家族の気分

1997/07/04 シネセゾン試写室
原作が舞台劇ということで、映画の印象がやや狭苦しくなったのは残念。
『猫が行方不明』のセドリック・クラピッシュ監督最新作。by K. Hattori



 『猫が行方不明』のセドリック・クラピッシュ監督最新作。原作はアニエス・ジャウィとジャン=ピエール・バクリの書き下ろし戯曲で、上演された舞台も大ヒットだったという。この映画はその舞台版とほぼ同じ構成、同じ配役で作られているらしい。出来あがった映画はいかにも「もと舞台劇でした」という感じで、それが僕にはちょっと気になった。人物が自由にどこにでも移動して行く『猫が行方不明』に比べると、ちょっと狭苦しい印象を持ちます。監督はこの映画と『猫〜』を同時に撮っていたとのことですから、あえて両者に違った味付けをしたのかもしれません。この映画を観ると、クラピッシュ監督の持つ幅がよく見えてきます。

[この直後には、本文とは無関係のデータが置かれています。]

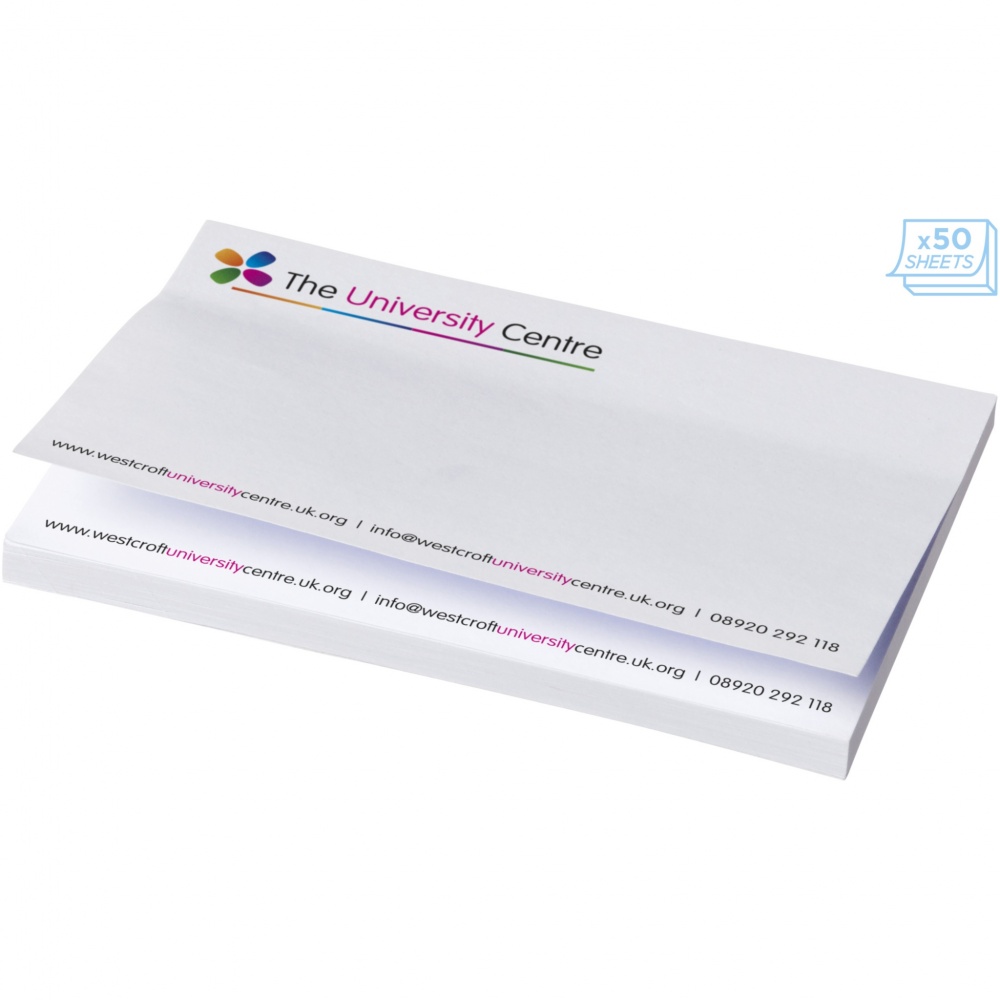 Logotrade advertising product picture of: Sticky-Mate® sticky notes 150x100mm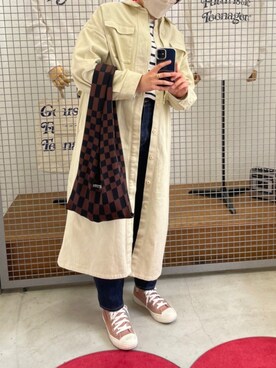 「cepo（セポ）のアイテム（その他アウター）」を使った、sar☺︎さん（レディース・162cm）の夏コーディネート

 舞台を限定して、そこに集う人々の生活や心のひだを浮き彫りにするという構成は、同じフランス映画の『パリのレストラン』に似ているようにも感じました。夕方からはじまった物語が深夜に終り、集まった人々が三々五々解散する様子も同じ。時折、登場人物たちの子供時代の風景が挿入されたりするのも同じだし、室内だけで進行していた物語が、途中で一度外に出るのも同じ。『パリのレストラン』が舞台劇に見えないのは、人物ごとのエピソードの重ね方が、きちんと映画的に処理されているからでしょう。『家族の気分』も映画的な脚色をすれば舞台臭は消えるのでしょうが、この映画ではあえてそうした処理をしていない。原作戯曲の持ち味を尊重して、ぎりぎり必要な手直しだけで映画にしたようです。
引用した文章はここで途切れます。